Paul Pheifer
By Paul Pheifer

In September 2008, Jason Kirkpatrick was sentenced after pleading guilty to 16 counts of breaking and entering and one count of engaging in a pattern of corrupt activity. The common pleas court judge in his case – Judge John Stuard – sentenced Kirkpatrick to five years of community control.

The term “community control” covers a wide variety of possible sanctions – such as financial, residential, and non-residential – that judges use in criminal sentencing. Those sanctions can include traditional probation supervision and numerous other restrictions administered by the local court.

Community control is used for felons when a prison term is not imposed and for people who commit misdemeanors when a jail term is not warranted. Residential community control sanctions include community-based correctional facilities, halfway houses and such. Non-residential options include community supervision, drug and alcohol treatment, house arrest, electronic monitoring, community service, and the like.

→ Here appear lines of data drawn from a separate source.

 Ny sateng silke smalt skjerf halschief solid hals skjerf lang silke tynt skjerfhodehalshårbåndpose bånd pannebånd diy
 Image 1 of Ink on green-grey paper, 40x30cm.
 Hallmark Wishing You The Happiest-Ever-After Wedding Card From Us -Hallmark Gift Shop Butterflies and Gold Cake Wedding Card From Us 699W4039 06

In Kirkpatrick’s case, in addition to community control, Judge Stuard required Kirkpatrick to enter and successfully complete a program called “Teen Challenge” (sometimes also called “Life Challenge”).

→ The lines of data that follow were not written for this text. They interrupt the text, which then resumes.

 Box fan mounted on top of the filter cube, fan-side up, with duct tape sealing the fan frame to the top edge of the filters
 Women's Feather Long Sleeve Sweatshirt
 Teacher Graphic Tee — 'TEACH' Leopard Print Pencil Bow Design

Judge Stuard warned Kirkpatrick that any violation of community control could result in the imposition of a nine-year prison term. So the stakes for young Mr. Kirkpatrick were quite high.

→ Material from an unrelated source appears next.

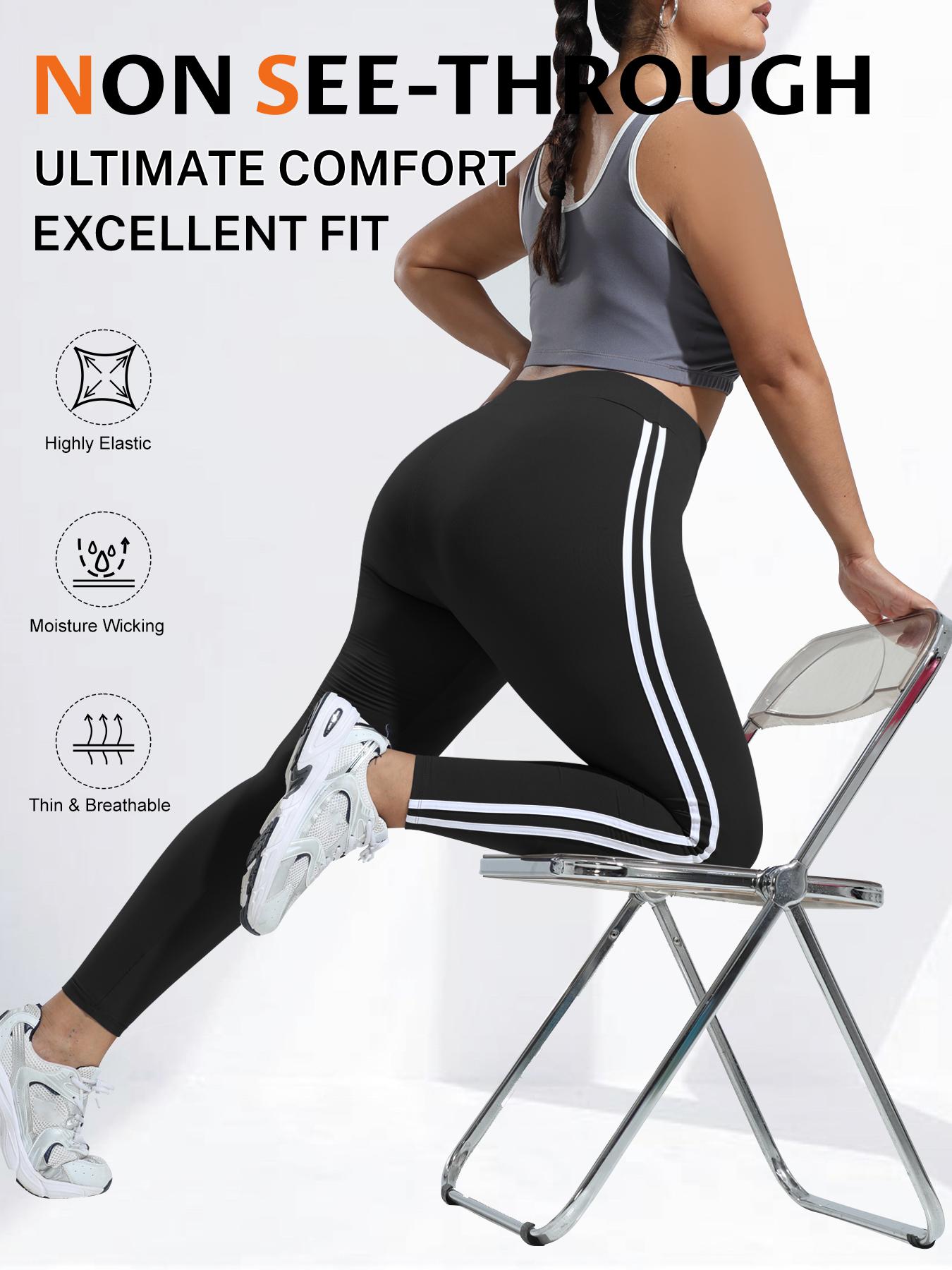 Women's Plus Size High Waist Skinny Pants, Side Colorblock Design, Elastic Comfortable Fit, Fashion Striped Pattern, Casual Wear，Cherry, High Waisted Leggings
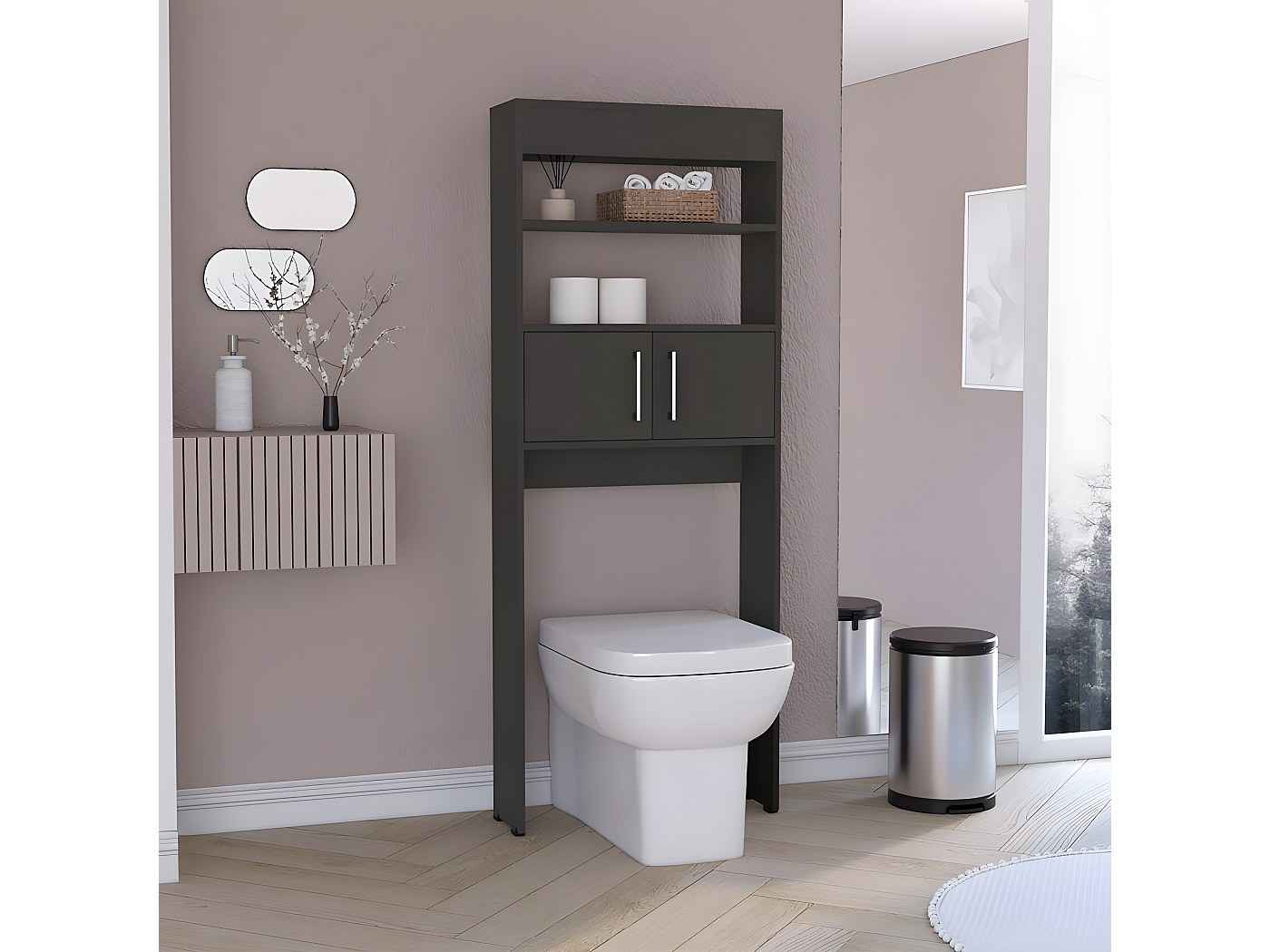 QEEIG Mensole galleggianti da parete per bagno, 40 cm, montaggio a parete, sopra il WC, decorazione per la casa, libreria, piccola, 40 x 17 cm, set da 2, marrone rustico (008-40BN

Unfortunately he didn’t follow the requirements of his community control. On April 16, 2009, after Kirkpatrick admitted to violating the terms of his release, Judge Stuard, following through on his warning, sentenced Kirkpatrick to a total prison term of nine years.

Kirkpatrick appealed the sentence. The court of appeals held that Kirkpatrick’s nine-year sentence for engaging in a pattern of corrupt activity exceeded the permissible two-to-eight year range for a second-degree felony. So the court sent the case back for resentencing.

Judge Stuard resentenced Kirkpatrick to a total prison term of nine years, and this time made it clear that eight of the years were attributed to the conviction for engaging in a pattern of corrupt activity. And the court of appeals affirmed the sentence the second time around.

On January 10, 2013, Kirkpatrick filed an action with the court of appeals seeking a writ compelling Judge Stuard to resentence him. Judge Stuard was no longer on the bench though, so Judge Ronald J. Rice was substituted as the new respondent in the appeal. Nevertheless, Kirkpatrick’s claims all arose out of alleged defects in the original 2008 sentencing order.

The court of appeals dismissed Kirkpatrick’s petition on September 16, 2013, in large part because Kirkpatrick’s allegations, even if true, were “legally insufficient to demonstrate that he has a ‘right’ to another sentencing hearing.”

After that ruling, Kirkpatrick filed an appeal with us – the Supreme Court of Ohio – and his case came here for a final review. Kirkpatrick argued that his first sentencing order is void, based on five defects.

His first two defects had to do with the “Teen Challenge.” In defect number one, he argued that the “Teen Challenge” is a 12-month program, but the maximum residential sanction under Ohio law is six months. For defect number two, he argued that the “Teen Challenge” residential sanction is void because the sentencing entry did not specify the length of the term.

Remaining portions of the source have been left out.